*Brief*.
Any pictures in the records below must be left out when you repeat the lines from the line containing "Tropical Flamingo with" through the line containing "美しい馬の持ち主がレースにクラシック参加 オーナメント (正面)" exactly.

*The input*.
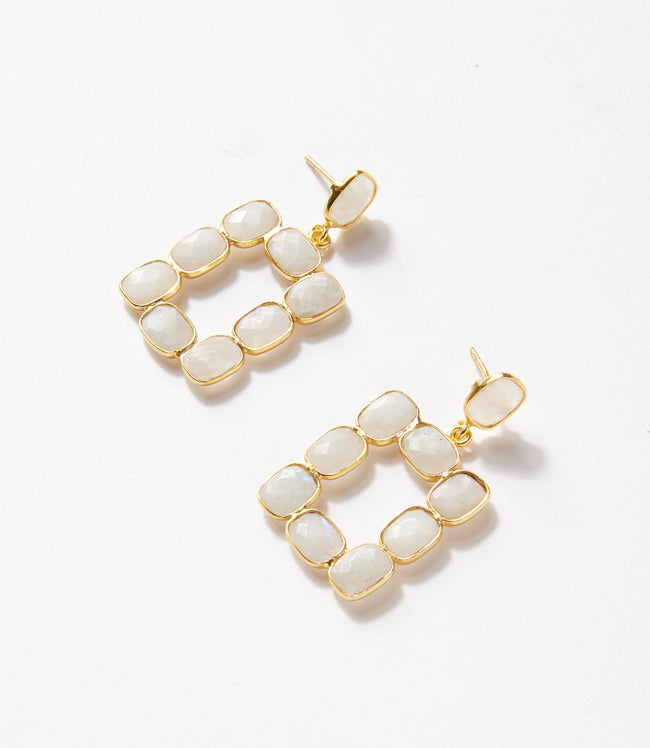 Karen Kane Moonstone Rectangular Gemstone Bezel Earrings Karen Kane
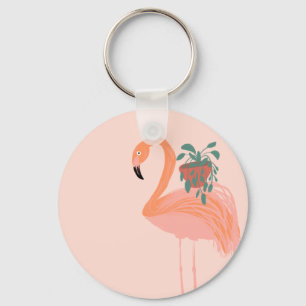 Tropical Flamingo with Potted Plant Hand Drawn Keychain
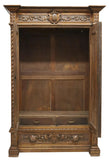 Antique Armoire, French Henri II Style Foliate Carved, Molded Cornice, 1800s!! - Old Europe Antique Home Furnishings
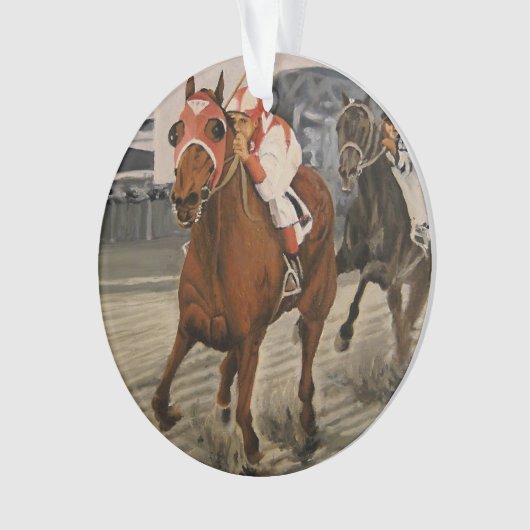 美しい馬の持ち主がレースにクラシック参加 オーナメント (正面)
--
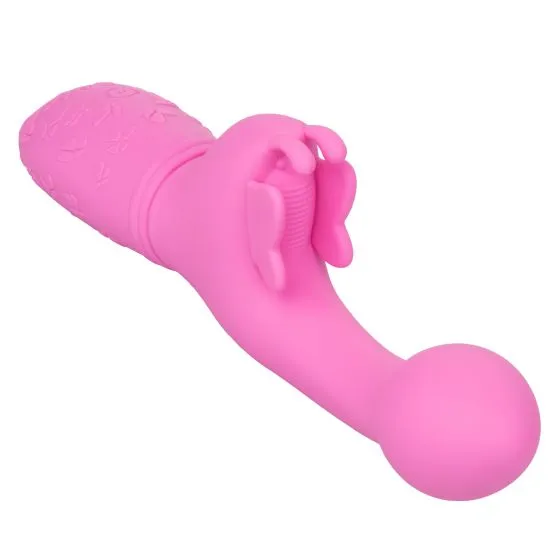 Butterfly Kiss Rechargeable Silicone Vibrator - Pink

*Result*.
 Tropical Flamingo with Potted Plant Hand Drawn Keychain
 Antique Armoire, French Henri II Style Foliate Carved, Molded Cornice, 1800s!! - Old Europe Antique Home Furnishings
 美しい馬の持ち主がレースにクラシック参加 オーナメント (正面)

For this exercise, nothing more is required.